Joseph W. Esherick, 1987: The Origins of the Boxer Uprising

This book’s aim is to search for the origin of the rise of the Boxers in an analysis of the “contemporary environment—the structure and mentality of society in west Shandong, and the shape of provincial, national, and international politics on the eve of the twentieth century” (316). What Esherick mainly illuminates in the book includes not only the origin for a mass movement in response to major social crisis, but also the origin/contributors for the specific form of the Boxer Uprising in varied local societies.
 
From a contemporary perspective, it seems like that all the prominent peasant groups originated in different regions in Shandong at different periods during the last few decades of the 19th century could be labeled as the “Boxer organizations” in its broadest sense or its variations. Actually they are distinct organizations, stemming from diverse local socio-economic environment and developing in quite varied routes. Even though the Boxers in northwest Shandong in1899 and those in Guan County in 1898 shared the same name “Boxers United in Righteousness”, there is no necessary continuity between the two groups of Boxers. The “adoption of the name did not mean the spread of any organization” (165). Instead of inspecting the history of the Boxers on a basis of a lineal organizational sequence, Esherick takes the Boxer rituals and practices as the key for understanding the origin and evolution of the Boxers. It is the transmission of rituals rather than the diffusion or mobilization of certain organizations that played a decisive role in the dispersion of Boxer Uprising in northern China.

In Epilogue, Esherick seeks to explain the outbreak of a social movement and the form it takes in the dialectic between “the structure and event” (320). Exogenous forces and domestic contradictions together produced social crisis, and in response to that, a social movement led by a new idea and new organizations emerged. Natural disasters, impotence of the Qing state and the intrusion of imperial powers in the form of missionaries became the main forces in triggering local peasant resistance, yet these variables could not suffice to explain the form of resistance and the reason of the prevalence of certain beliefs and rituals. Therefore Esherick proposes the “popular culture” to bridge the gap between structure and event. It is the Boxers’ application of certain cultural elements such as the “peasant habitus of possession rituals and heroic narrative” (321) that made their idea more acceptable and familiar to the local peasants, who then could be mobilized to struggle against the foreign religion.

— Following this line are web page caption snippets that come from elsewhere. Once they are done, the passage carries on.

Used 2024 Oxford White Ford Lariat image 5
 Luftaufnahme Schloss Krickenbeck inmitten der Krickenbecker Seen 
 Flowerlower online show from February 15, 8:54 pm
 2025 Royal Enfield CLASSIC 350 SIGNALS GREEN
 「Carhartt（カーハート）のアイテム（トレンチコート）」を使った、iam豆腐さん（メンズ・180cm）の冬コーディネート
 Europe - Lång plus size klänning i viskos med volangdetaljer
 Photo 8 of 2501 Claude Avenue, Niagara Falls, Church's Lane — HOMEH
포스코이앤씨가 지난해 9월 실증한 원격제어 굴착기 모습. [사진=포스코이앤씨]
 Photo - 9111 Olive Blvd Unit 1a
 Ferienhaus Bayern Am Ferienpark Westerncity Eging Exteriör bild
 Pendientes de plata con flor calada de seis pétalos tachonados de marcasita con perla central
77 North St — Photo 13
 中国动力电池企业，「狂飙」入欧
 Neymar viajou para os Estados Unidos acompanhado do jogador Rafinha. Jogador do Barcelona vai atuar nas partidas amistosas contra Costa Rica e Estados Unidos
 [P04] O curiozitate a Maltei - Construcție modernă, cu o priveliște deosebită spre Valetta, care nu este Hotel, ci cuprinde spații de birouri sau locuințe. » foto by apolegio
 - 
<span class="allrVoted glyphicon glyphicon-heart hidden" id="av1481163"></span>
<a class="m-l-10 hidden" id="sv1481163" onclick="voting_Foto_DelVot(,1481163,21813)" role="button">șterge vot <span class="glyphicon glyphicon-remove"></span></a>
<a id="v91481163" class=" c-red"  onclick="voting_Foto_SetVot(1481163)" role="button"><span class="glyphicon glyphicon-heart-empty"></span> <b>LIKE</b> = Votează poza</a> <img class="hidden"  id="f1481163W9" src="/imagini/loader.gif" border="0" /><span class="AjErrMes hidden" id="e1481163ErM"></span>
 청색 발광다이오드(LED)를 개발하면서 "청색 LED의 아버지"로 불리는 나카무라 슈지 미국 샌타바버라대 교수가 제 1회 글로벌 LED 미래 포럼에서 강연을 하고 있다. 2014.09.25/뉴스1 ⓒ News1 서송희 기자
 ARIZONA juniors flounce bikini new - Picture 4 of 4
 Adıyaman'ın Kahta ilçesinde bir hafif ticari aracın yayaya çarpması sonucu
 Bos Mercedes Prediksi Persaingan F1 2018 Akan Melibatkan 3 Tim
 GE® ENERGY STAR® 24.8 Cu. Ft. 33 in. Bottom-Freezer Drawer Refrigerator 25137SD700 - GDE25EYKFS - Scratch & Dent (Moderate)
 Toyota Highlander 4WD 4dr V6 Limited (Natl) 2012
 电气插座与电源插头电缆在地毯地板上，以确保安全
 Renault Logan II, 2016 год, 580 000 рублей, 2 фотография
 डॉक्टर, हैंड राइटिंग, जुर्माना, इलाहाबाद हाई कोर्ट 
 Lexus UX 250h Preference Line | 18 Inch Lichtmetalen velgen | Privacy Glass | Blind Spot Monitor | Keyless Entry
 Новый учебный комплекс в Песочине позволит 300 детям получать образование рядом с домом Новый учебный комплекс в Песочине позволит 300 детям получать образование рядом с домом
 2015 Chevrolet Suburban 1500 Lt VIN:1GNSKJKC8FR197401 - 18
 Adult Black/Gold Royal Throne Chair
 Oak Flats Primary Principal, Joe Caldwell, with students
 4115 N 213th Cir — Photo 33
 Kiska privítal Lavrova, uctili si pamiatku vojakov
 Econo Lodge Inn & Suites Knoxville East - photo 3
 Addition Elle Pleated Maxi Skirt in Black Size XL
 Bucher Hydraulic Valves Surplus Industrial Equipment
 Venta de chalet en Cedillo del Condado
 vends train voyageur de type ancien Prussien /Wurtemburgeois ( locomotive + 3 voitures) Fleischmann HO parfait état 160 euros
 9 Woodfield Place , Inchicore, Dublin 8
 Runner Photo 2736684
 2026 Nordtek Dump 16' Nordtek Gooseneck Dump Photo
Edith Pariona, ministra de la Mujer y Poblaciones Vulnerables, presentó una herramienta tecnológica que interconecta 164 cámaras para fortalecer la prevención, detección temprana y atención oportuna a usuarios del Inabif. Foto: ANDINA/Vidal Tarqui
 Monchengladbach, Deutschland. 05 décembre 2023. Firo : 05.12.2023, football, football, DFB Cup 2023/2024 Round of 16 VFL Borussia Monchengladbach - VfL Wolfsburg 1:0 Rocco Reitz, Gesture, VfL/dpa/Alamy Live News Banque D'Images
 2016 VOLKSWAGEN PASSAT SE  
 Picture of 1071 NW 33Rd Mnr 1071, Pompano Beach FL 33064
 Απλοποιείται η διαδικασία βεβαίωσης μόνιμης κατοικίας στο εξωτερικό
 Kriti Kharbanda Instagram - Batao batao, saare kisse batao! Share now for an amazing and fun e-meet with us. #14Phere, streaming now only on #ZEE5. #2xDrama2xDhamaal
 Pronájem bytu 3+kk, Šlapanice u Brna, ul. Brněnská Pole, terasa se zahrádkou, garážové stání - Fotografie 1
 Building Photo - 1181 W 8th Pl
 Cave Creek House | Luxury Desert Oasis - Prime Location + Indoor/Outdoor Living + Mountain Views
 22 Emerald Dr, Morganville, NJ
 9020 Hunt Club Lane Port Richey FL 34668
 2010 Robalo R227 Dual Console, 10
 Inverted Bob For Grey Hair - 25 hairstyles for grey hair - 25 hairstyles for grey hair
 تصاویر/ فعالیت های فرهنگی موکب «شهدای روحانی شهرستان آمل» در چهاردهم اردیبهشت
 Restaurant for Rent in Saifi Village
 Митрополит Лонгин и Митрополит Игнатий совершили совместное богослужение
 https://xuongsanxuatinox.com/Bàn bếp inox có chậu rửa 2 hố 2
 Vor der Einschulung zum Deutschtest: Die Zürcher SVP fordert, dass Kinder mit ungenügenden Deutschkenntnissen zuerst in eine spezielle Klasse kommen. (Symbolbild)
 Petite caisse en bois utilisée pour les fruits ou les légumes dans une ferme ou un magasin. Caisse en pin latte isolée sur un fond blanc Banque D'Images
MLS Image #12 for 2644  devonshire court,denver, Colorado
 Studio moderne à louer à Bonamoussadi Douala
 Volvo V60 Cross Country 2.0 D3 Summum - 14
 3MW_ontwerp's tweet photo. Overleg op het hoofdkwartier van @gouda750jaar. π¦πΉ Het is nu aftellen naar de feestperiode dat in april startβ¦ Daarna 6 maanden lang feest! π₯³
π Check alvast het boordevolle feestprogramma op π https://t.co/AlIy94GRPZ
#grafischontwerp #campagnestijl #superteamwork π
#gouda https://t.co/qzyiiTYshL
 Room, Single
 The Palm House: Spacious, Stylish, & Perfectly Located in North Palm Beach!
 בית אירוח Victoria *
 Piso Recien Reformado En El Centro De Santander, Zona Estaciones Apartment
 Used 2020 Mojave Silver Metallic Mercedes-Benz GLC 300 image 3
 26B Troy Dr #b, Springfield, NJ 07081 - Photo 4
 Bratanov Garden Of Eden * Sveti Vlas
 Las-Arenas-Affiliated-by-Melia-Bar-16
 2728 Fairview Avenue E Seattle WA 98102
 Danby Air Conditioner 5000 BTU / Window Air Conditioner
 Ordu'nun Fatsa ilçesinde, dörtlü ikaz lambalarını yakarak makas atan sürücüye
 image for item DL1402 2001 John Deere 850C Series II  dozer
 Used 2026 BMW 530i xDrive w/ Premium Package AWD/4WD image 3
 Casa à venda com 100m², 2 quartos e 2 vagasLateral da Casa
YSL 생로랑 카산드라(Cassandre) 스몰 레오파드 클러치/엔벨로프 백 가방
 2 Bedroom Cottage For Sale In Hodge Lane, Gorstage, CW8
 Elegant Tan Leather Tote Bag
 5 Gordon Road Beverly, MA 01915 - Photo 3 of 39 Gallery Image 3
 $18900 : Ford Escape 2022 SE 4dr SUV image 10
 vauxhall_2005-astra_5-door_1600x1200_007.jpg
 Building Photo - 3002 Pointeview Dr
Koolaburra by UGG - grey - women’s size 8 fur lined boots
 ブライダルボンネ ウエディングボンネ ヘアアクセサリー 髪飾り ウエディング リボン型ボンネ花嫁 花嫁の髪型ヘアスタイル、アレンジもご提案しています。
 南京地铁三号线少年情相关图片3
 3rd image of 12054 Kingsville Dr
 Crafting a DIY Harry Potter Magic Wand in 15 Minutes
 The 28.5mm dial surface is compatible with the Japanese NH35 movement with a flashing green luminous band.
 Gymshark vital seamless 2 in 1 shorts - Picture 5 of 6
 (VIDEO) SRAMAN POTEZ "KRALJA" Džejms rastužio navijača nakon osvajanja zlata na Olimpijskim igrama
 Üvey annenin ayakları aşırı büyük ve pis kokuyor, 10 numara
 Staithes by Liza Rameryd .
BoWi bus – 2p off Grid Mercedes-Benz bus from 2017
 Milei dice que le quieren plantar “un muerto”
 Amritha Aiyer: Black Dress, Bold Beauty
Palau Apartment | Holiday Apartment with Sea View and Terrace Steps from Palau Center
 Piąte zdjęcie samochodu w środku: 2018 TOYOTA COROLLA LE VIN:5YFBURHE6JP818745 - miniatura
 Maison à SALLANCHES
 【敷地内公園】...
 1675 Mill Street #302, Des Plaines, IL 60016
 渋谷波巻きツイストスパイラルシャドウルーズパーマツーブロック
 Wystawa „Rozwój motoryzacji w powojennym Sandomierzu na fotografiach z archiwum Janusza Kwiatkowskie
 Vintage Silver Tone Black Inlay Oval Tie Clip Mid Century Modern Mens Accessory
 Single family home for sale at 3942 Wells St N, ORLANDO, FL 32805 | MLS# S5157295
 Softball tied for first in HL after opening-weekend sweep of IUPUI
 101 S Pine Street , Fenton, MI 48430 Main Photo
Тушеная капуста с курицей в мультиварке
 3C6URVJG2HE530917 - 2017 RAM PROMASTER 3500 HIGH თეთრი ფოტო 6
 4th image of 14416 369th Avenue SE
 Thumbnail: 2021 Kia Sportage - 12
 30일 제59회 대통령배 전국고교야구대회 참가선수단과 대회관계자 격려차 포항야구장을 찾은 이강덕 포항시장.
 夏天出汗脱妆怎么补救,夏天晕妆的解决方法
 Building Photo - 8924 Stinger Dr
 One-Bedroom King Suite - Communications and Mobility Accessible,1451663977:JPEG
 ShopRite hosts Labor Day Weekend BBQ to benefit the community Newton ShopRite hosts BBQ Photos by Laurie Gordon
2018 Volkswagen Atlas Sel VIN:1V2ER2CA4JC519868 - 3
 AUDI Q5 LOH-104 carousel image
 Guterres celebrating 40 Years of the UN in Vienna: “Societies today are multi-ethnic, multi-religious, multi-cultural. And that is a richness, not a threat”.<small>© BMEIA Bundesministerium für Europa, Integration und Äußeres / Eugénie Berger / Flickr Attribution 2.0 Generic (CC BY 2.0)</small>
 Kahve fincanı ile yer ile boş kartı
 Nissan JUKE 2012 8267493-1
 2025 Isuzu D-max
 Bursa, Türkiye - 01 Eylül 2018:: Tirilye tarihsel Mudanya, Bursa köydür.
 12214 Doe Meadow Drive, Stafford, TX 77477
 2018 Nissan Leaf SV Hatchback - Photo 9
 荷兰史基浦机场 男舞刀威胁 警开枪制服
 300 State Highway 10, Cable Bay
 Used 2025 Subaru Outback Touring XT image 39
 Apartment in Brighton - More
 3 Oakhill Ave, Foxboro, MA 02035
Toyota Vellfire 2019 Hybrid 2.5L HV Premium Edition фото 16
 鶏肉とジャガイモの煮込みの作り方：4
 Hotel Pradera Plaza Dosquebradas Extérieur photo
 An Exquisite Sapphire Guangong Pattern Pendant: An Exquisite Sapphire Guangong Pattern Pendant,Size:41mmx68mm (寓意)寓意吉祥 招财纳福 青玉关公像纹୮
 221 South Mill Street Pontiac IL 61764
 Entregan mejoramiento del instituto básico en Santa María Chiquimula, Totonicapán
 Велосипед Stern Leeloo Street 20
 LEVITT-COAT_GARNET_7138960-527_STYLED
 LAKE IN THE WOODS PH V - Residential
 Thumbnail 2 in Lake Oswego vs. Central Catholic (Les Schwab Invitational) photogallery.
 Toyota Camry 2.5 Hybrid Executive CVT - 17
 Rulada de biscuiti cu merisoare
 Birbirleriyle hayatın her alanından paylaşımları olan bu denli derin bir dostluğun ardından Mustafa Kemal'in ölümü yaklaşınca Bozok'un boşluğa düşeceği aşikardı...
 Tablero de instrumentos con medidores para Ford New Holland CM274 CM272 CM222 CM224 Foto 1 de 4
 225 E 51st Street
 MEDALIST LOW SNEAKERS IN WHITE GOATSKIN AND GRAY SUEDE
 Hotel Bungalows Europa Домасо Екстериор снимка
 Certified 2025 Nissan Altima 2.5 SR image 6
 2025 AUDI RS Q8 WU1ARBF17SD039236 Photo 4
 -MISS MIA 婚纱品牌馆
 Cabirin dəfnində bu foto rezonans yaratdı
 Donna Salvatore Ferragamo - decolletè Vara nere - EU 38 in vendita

According to the specific form of Boxers in varied regions and periods, Esherick mainly examined the predecessor of Boxers in southwest Shandong (the Big Sword Society 大刀會), the “Boxers United in Righteousness” in Guan County (冠縣義和團) and the Spirit Boxers (神拳) in northwest Shandong chronically. The socio-economic environment is not simply background but preconditions for the specific form the movement takes. In the case of Boxers uprising, the local social environment not influenced but confined the possible formations people could choose from. It is due to the loyalist purposes of the Boxers, who sought to operate “within the confines of the established order” (319) and did not devote themselves for a revolutionary mission or new social order as the radical millenarian movements entailed. This is also what Esherick hold as a rebuff to Purcell’s argument that there was an anti-dynastic phase in the Boxer Uprising.

The different forms taken in northwest Shandong and southwest Shandong thus reflect the varied socio-economic conditions of local society. In southwest Shandong, a relative stable landlordism and a troubled border region teeming with extralegal cultivation of opium and endemic banditry “caused the villages to become close-knit cohesive communities”. (27-28) Then the Big Sword Society there was put to an end by the “arrest and execution of a few leaders” (122) in 1896 due to the landlord elites’ control exerted on it and its close ties with officials and local militia. But the same thing would not happen to the Boxers in northwest Shandong where the villages were more heterogeneous, people more open and social mobility much greater.

Esherick also clarified the boxer-sectarian relationships, indicating that there is no necessary connection between martial groups and sects. (53) Additionally, it is arbitrary to deduce that the practice of certain rituals (such as spirit-possession and invulnerability) was derived from a sectarian tradition. Rather, one should examine case by case. For instance, in the case of the Spirit Boxers, the mass character of the possession would be the results of both the traditions of martial arts and sectarian activity and vernacular literature/opera.

Apart from that, Esherick inspected the role of local government, the rural mentality and the activities of western missionaries. He presented us a detailed and marvelous illustration of the source and contributors of the outbreak of the uprising.

Nonetheless, by no means would that be a passive determinist view of history. Although the dominant role of the objective “structure” of a society or the popular culture in confining the form of a movement was elaborated, the interaction between the relatively “static” environment/structure and the dynamic actors/events could not be overlooked. In my view what is also inferred in this book is the initiative of both peasants and Boxers in deciding what the best way they will use to fight against the enemies is. It is like a survival strategy where people seek for both adaptability and amelioration of their combat tactics.